Oct 29, 2020
All links and images for this episode can be found on CISO
Series (https://cisoseries.com/defense-in-depth-securing-digital-transformations/)
Digital transformation. It's definition is broad. Meaning
securing it is also broad. But there are some principles that can
be followed as companies undergo each step in a deeper dive to make
more and more of their processes essentially computerized.
Check out this
post for the basis for our conversation on this week’s
episode which features me, David
Spark (@dspark),
producer of CISO Series, co-host Allan
Alford (@allanalfordintx), and our
guest is Paul Asadoorian (@securityweekly), founder &
CTO, Security Weekly, and
chief innovation officer, Cyber Risk Alliance.
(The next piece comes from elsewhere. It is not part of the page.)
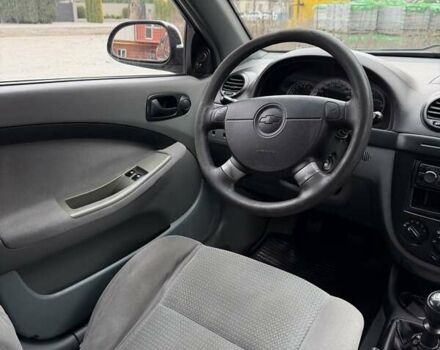 Черный Шевроле Нубира, объемом двигателя 1.6 л и пробегом 322 тыс. км за 5000 $, фото 5 на Automoto.ua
Thanks to this week's podcast sponsor, Keyavi
Data.
Our Keyavi breaks new ground by making data itself
intelligent and self-aware, so that it stays under its owner’s
control and protects itself immediately, no matter where it is or
who is attempting access. Keyavi is led by a team of renowned data
security, encryption, and cyber forensics experts. See for yourself
at keyavidata.com.
On this episode of Defense in Depth, you’ll learn:
- Digital transformation is about relying on computing technology
for more integral processes and aspects in our daily work
lives.
- Lots of debate on the definition of digital transformation and
as well securing digital transformations.
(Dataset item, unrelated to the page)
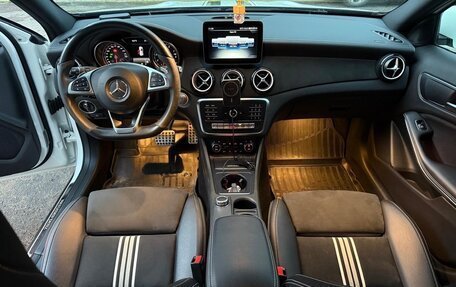 Mercedes-Benz GLA, 2018 год, 2 650 000 рублей, 3 фотография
- Definition: A targeted change to process and technology for the
benefit of the people.
- Definition: increasing levels of interoperability of
information.
- We heard the recurring argument of the need for security to
have a seat at the table at the beginning of a digital
transformation, and not at the end. But at the same time reality
sunk in and it was argued that security doesn't get to dictate
that. And if security tried to, it would create a greater wedge
with the business.
- When security is brought in at the end though, security has no
option but to disrupt the business. Then no one is happy.
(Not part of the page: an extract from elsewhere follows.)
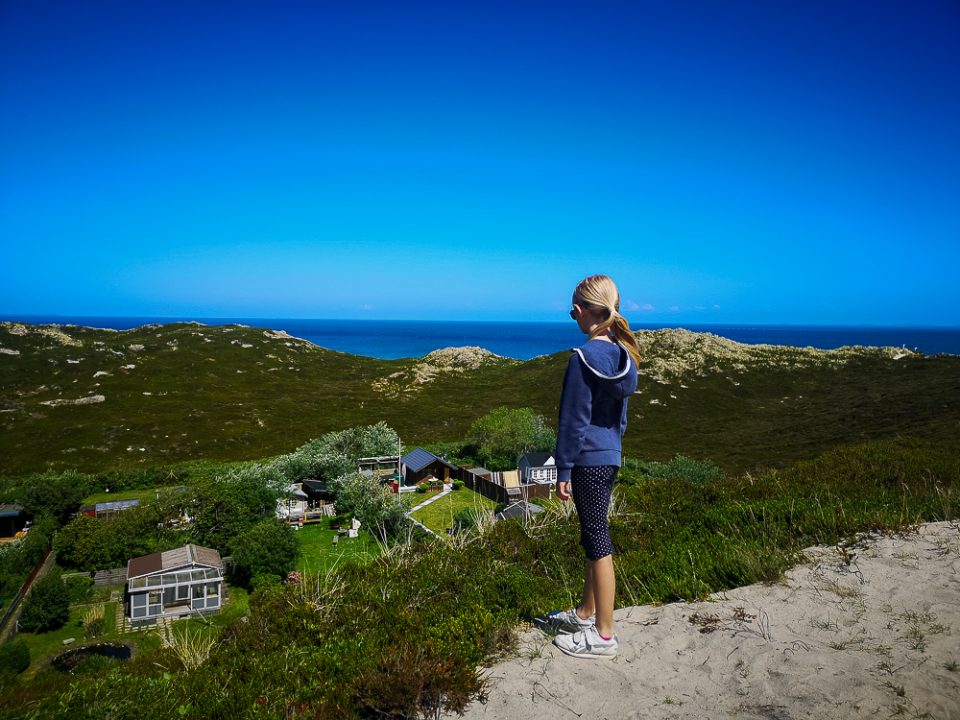 Familienurlaub in Deutschland, Mädchen an der Nordsee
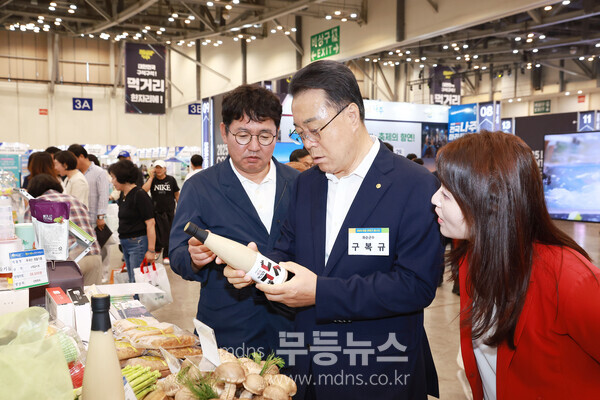 화순군, 2025년 로컬 콘텐츠 페스타 참가_구복규 화순군수(사진 가운데)[화순군 홍보관/화순군 제공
- Digital transformation simply introduce new risks, often
greater risk. If the point is to integrate more of your processes,
then that integrates the risk as well.
- If you're undergoing a true transformation, you are looking at
core processes and saying, "What new tech facilitates, streamlines,
and/or actualizes these core processes?" You no longer have to
settle for shopping for a solution and then smashing your processes
up against it.
- Your security tools should also undergo a transformation. That
includes a transformation in monitoring as well.